We explain the Federal Reserve’s new TALF program in addition to discussing the TALF lending parameters that were set up for CMBS in 2009. It is possible the Federal Reserve is still evaluating CMBS TALF, and our results that show no senior bond losses may be helpful in demonstrating that the senior classes can safely be financed. Given that the CMBS and RMBS markets are currently frozen, we expect that financing of their senior classes would let other credit participants look at the remainder of the credit stack which could be key in restarting these mortgage markets.

Non-QM RMBS Primer

This report provides a history of how the Non-QM mortgage market has developed. We find that post-crisis rules and underwriting processes are creating high quality Non-QM collateral that prepays quickly as borrowers improve their circumstances. Rating Agencies evaluate these loans using the 2007-2011 housing recession experience, creating relatively high credit enhancement (CE). To consider Non-QM RMBS credit risk, we ran crisis-like sensitivity analyses, but found prepayment speeds outweighed default risks. The bond structure and short expected lives makes the AAA spreads attractive, but a relatively flat credit curve suggests investors are betting on prepayments and upgrades.

CLOs – Diverse Managed Leveraged Loan Portfolios Structured To Withstand Crisis
Leveraged loans have funded significant business growth, in turn generating a greater number of lower rated loans with weaker covenants. In a recession, those leverage levels and weaker covenants could create defaults and losses exceeding historical experience. To consider that greater risk, this paper discusses recent leveraged loan trends and in Exhibit 11 explains how the CLO structure may contain this risk. We further stress several recent CLOs using a very severe recession stress and find the CLO structure quickly redirects excess coupon, limiting potential losses to the CLO equity and in the most severe case to some of the lower bond classes. Our severe sensitivity analysis demonstrates that subordinate CLO credit bonds likely face more downgrade risk than loss risk in an economic downturn. This paper helps investors understand how the CLO structure can absorb loan defaults and provide stable credit performance in an uncertain economy.
CRE CLOs = Less Stable Collateral than CMBS, But Structure Provides Stability and Value
This paper reviews current CRE CLO structures, market conditions, and finds that the senior A classes are well protected for most any economic downturn. Exhibit 2 provides a visual summary of how the CRE CLO structure works to limit senior class credit risk. Nonetheless, the transitional nature of the loan collateral suggests that an economic slowdown could cause loans to struggle to fulfill their improvement plans at a time when loan refinancing liquidity would be reduced. This creates economic extension and loss risk in the mezzanine investment grade classes.

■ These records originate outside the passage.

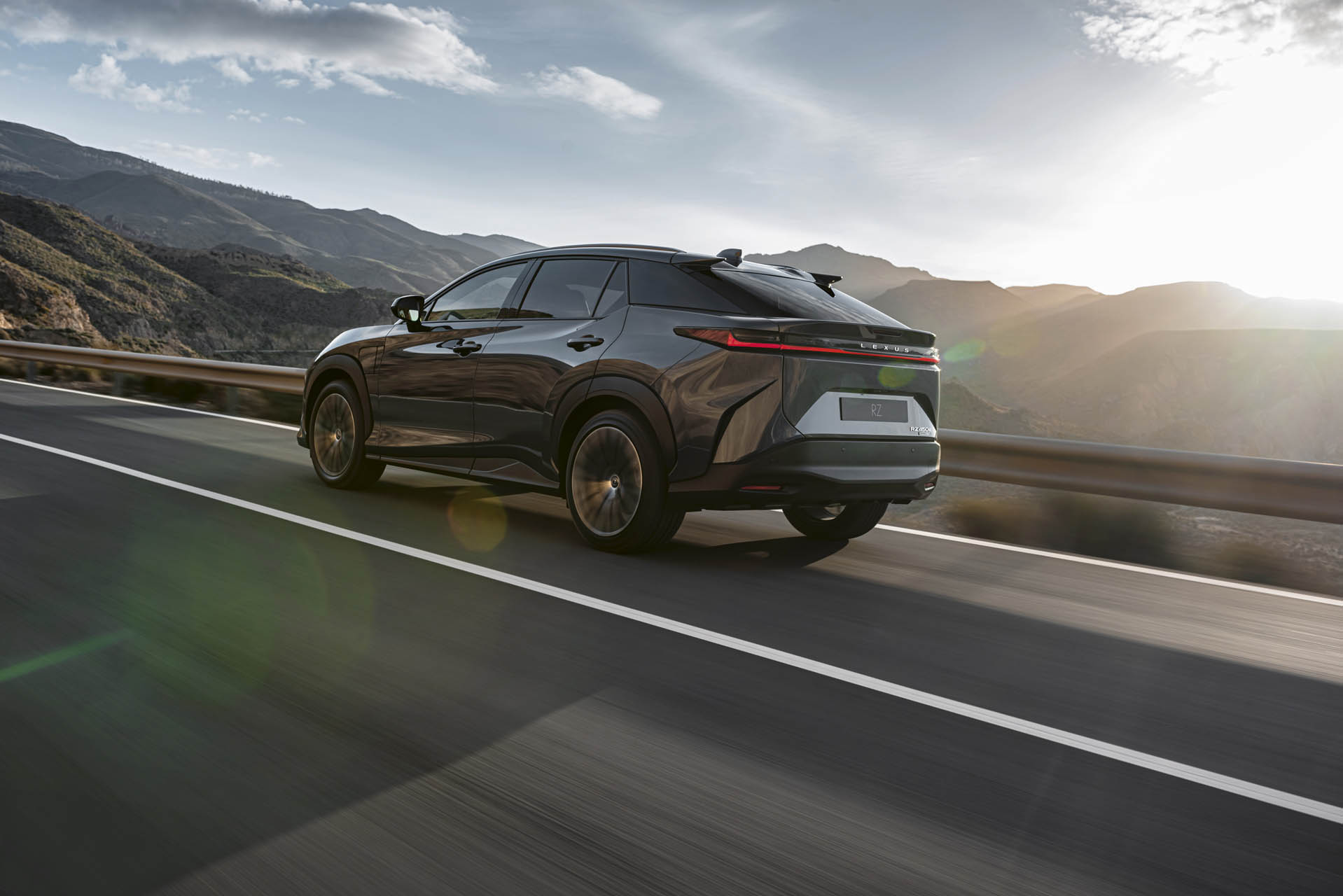 lexusrz18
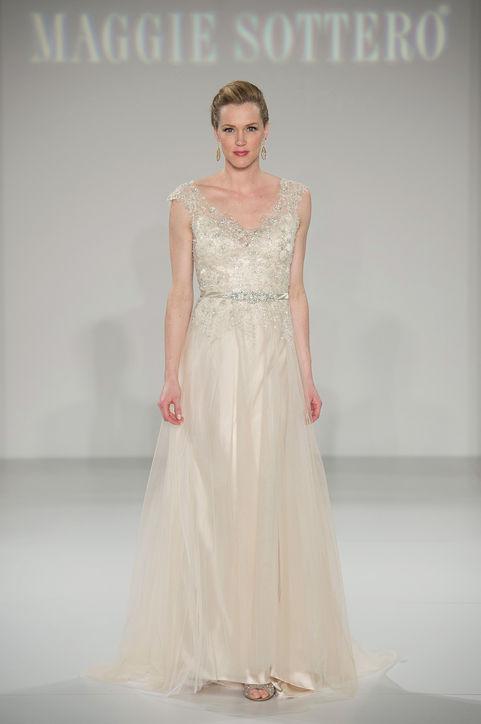 23-best-new-wedding-dresses-bridal-market-h724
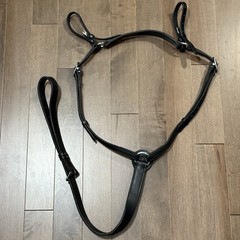 USED Nunn Finer Black Leather English Horse Breastplate for riding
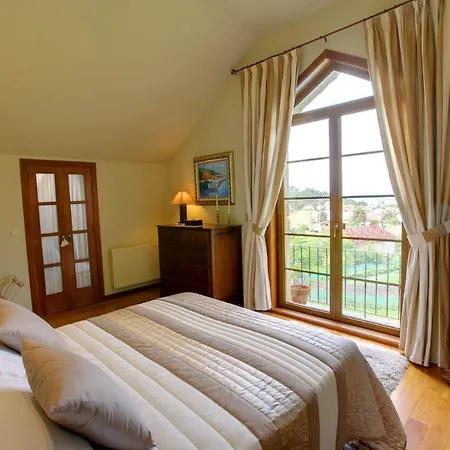Sleeps 8 Pool Wifi T802833 * Baiona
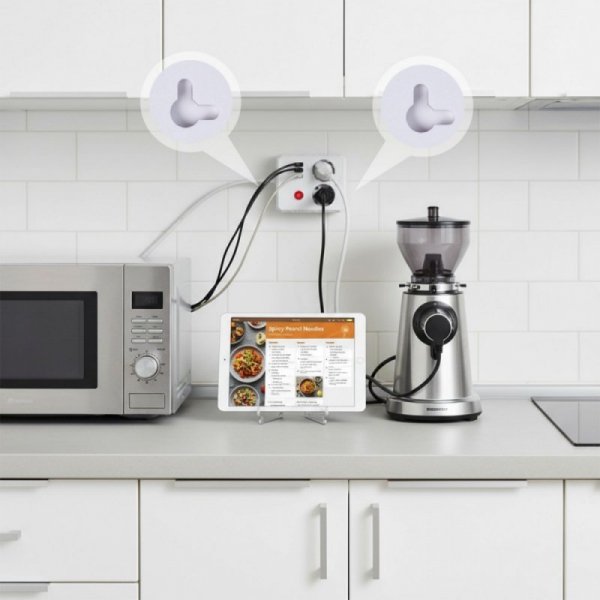 Maclean Listwa zasilająca 2 gniazda MCE387 W 3xUSB, 110-240V AC 50/60Hz, 2.1A max 2500W, 1.5m, biała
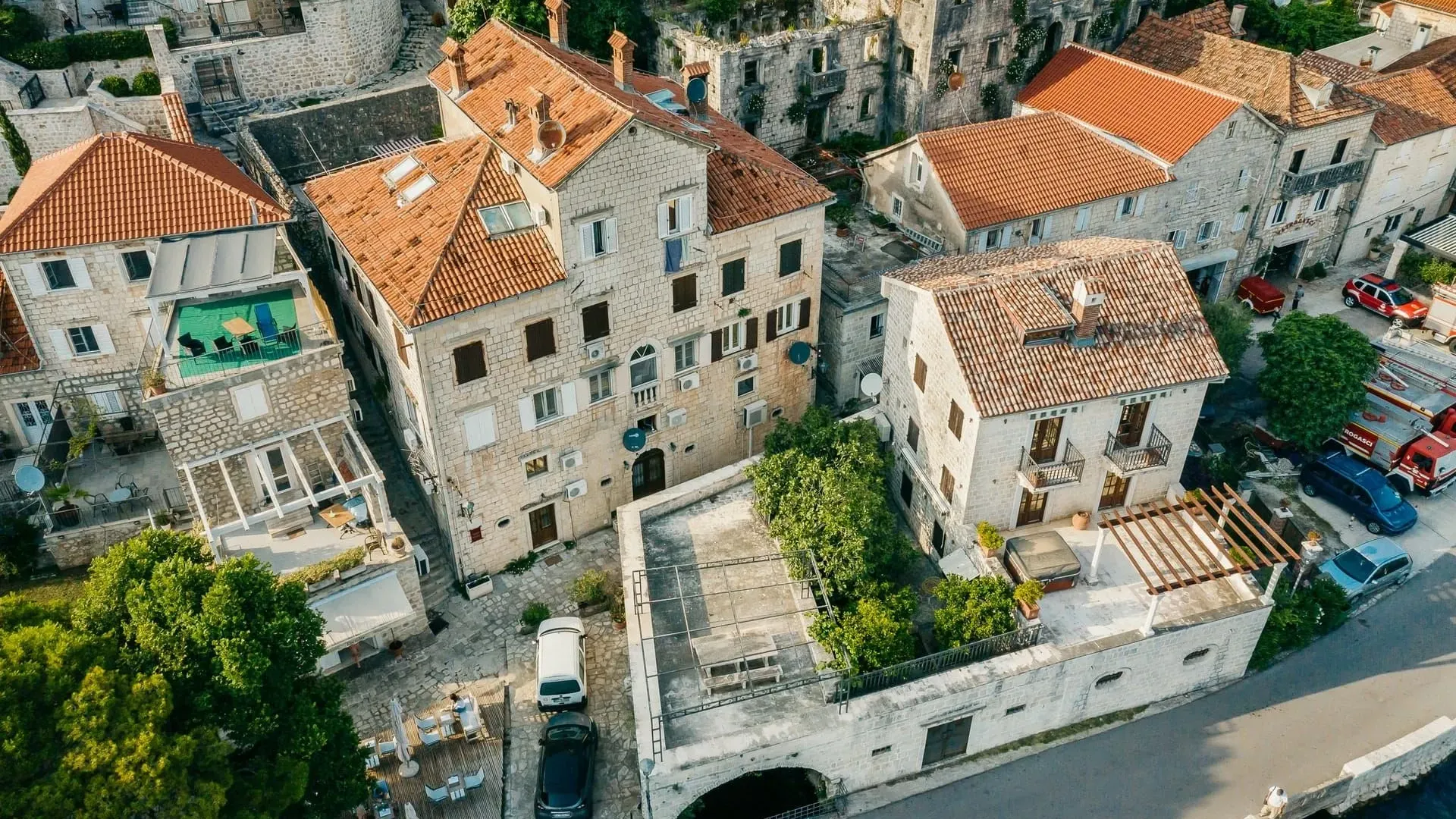 Prodaja, dvosoban stan, 93m², Perast, Kotor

In reviewing CRE CLO pricing spreads we find the senior class has fairly consistent basis to floating-rate AAA CMBS SASB spreads. In contrast, subordinate BBB class spreads can vary significantly based upon perceived credit risks. This paper is intended to provide a broad description of the sector for investors and concludes that careful credit evaluation is required to purchase junior investment grade classes.